Indeed, the report describes Hamas — an organization whose charter preaches the violent destruction of Israel and exhorts Muslims to murder Jews — as follows:
The United States, European Union, and Israel governments consider Hamas to be a terrorist organization bent on the destruction of Israel, while most Gazans see Hamas as an organization formed to resist the occupation by Israel and to recover their lost lands in Palestine. Hamas is an Arabic acronym for Harakat al-Muqawama alIslamiyya, or Islamic Resistance Movement. Hamas is a militant organization; however over 90 percent of Hamas’ resources are spent on social services to the Palestinian refugees.
The implication seems to be that resisting the occupation and recovering lost lands applies to the occupation of 1967. But of course, for Hamas, the occupation started in 1948. So “most Gazans” and the Western governments don’t disagree about Hamas’ intentions! The statement about Hamas’ resources is ridiculous and is unsourced.
Overall, the report could not possibly be more one-sided. It is a sustained indictment of Israel. When it mentions Palestinian terrorism and violence (which it does only rarely), it’s always explained as springing from the trauma of the Nakba or the horrors of occupation.
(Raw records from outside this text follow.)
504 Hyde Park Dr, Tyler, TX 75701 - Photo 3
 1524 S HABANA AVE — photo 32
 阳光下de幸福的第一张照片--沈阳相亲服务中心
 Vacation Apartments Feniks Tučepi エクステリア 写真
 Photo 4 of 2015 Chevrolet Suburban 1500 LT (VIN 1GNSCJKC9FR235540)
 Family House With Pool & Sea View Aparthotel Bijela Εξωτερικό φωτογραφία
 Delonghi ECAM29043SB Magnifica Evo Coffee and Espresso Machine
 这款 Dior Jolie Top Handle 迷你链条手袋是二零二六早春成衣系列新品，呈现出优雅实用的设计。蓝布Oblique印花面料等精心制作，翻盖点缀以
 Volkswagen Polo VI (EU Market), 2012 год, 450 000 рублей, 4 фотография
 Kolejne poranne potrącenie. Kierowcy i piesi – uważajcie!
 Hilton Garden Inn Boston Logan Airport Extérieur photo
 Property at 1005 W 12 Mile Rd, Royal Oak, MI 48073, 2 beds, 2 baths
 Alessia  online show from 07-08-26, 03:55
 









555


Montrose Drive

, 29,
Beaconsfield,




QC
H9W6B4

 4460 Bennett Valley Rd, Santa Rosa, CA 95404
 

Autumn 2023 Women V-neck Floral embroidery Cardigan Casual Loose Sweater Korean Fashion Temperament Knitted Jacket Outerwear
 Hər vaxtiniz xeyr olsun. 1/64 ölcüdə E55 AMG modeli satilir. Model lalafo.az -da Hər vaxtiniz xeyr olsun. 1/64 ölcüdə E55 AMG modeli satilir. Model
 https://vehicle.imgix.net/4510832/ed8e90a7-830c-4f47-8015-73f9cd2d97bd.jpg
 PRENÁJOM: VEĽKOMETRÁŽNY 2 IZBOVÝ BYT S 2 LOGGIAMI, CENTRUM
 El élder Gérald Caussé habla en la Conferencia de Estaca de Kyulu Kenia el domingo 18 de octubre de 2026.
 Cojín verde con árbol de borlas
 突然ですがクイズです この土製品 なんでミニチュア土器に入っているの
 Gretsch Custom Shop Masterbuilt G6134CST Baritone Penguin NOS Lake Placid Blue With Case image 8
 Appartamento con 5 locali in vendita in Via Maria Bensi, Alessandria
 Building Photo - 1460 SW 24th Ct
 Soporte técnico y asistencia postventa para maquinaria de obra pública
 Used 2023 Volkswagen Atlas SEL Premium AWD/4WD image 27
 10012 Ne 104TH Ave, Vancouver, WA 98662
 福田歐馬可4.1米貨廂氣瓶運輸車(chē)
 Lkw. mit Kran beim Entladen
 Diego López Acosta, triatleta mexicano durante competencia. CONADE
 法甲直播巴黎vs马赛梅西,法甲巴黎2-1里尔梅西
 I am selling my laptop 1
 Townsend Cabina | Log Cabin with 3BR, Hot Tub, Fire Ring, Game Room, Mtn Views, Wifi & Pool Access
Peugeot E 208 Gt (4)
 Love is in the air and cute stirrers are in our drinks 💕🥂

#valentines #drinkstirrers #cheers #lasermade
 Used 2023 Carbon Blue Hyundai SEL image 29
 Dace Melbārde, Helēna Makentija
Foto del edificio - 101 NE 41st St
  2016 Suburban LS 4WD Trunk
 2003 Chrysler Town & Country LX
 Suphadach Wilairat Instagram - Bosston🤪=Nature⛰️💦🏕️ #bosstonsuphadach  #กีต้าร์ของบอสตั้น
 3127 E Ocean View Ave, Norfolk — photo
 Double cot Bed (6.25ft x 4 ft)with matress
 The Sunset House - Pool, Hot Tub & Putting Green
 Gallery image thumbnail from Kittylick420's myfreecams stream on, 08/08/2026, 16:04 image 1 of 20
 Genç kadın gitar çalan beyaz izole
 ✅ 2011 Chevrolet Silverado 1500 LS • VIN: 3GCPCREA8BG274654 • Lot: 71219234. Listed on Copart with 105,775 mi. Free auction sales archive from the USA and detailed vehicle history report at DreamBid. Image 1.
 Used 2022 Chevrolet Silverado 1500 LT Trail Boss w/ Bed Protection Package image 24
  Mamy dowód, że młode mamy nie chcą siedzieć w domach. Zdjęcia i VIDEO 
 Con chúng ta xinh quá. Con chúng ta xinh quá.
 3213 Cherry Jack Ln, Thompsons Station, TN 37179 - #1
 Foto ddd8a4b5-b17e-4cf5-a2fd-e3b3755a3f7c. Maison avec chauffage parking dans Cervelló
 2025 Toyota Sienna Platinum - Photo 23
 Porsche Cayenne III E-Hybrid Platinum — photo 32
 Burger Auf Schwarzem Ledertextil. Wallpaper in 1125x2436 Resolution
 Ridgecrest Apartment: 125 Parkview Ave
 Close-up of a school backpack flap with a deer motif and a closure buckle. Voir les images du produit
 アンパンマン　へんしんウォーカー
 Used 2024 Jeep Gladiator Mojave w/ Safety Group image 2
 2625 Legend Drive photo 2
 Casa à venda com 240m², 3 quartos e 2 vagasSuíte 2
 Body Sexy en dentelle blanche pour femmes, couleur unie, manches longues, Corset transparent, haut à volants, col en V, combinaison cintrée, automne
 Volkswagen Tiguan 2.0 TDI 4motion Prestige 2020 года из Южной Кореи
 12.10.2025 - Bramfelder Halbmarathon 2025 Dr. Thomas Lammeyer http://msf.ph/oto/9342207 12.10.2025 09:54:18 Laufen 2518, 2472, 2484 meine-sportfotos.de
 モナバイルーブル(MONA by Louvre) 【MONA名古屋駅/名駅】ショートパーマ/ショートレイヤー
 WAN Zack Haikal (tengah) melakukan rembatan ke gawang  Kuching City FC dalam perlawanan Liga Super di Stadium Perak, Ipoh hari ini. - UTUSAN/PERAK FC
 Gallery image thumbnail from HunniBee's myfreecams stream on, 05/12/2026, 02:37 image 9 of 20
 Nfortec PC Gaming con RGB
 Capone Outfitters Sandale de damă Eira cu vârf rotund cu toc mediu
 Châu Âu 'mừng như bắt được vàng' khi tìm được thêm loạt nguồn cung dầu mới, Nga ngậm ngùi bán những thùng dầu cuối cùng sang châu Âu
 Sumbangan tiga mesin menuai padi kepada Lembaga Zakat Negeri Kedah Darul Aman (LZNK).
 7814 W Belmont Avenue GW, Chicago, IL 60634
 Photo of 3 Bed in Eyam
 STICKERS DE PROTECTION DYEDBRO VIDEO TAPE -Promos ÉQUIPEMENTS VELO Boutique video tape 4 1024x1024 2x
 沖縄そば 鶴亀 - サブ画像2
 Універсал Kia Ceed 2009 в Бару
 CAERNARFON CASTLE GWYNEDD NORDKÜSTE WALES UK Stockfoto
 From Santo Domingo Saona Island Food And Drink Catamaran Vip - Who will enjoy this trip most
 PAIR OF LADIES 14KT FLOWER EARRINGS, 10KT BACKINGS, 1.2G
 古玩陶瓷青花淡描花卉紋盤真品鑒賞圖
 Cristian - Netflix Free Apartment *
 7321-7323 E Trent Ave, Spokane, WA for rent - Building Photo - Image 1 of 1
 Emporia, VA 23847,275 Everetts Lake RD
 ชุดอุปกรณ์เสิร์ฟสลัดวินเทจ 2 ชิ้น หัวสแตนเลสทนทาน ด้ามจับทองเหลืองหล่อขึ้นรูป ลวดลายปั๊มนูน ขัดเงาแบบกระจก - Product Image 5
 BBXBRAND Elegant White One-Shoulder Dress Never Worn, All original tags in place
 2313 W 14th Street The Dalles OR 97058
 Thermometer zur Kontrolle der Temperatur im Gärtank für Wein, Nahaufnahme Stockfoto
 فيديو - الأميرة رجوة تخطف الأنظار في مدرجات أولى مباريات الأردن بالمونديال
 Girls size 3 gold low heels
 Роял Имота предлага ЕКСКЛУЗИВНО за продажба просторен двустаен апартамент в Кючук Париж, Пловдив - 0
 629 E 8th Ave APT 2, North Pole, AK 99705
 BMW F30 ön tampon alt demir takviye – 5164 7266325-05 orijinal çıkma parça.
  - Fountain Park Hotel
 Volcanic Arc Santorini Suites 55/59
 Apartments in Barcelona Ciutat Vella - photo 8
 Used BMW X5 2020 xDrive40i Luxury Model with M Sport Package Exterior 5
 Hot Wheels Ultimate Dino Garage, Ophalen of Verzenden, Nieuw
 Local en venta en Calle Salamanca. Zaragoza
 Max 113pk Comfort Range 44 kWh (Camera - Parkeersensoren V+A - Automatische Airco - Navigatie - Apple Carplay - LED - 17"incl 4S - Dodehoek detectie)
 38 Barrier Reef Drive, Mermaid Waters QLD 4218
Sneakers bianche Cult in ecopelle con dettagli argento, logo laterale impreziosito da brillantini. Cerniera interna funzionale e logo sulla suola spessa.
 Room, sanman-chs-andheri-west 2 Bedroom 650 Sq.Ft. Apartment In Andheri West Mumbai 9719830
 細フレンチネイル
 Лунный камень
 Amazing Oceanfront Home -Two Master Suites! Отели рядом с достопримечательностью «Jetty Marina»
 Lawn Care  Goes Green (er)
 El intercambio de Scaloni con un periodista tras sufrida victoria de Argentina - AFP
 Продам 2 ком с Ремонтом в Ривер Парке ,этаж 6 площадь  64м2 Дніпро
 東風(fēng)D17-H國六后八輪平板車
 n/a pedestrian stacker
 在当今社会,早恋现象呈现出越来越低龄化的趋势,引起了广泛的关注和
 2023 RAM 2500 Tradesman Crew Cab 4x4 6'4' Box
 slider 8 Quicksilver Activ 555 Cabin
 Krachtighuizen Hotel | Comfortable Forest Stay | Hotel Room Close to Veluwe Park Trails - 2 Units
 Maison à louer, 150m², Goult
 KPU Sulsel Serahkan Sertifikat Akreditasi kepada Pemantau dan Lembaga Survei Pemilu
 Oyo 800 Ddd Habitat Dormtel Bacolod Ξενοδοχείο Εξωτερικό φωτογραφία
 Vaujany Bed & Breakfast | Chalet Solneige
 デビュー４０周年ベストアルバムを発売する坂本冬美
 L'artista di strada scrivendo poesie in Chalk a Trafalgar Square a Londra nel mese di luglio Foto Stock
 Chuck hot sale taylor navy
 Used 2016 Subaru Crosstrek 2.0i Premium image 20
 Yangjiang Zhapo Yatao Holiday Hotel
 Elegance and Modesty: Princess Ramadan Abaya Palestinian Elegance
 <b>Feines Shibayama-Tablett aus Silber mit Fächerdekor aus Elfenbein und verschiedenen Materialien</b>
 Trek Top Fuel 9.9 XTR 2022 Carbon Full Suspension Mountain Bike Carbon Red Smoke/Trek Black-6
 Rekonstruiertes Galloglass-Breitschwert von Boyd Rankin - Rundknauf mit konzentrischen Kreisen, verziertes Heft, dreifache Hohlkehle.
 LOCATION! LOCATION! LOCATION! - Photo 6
This historically and morally upside-down, hateful document will be considered by the PCUSA’s General Assembly this week.
Update [6 Jul 2010 1341 PDT]: I changed the caption on the photo, which previously read “anti-Israel extremist Avraham Burg…” Burg is not exactly that. He annoys the hell out of me because, in essence, he blames Israel and the Jews for Arab antisemitism. But he doesn’t advocate a ‘secular democratic state of its citizens’, nor does he call for boycotts, divestments, etc.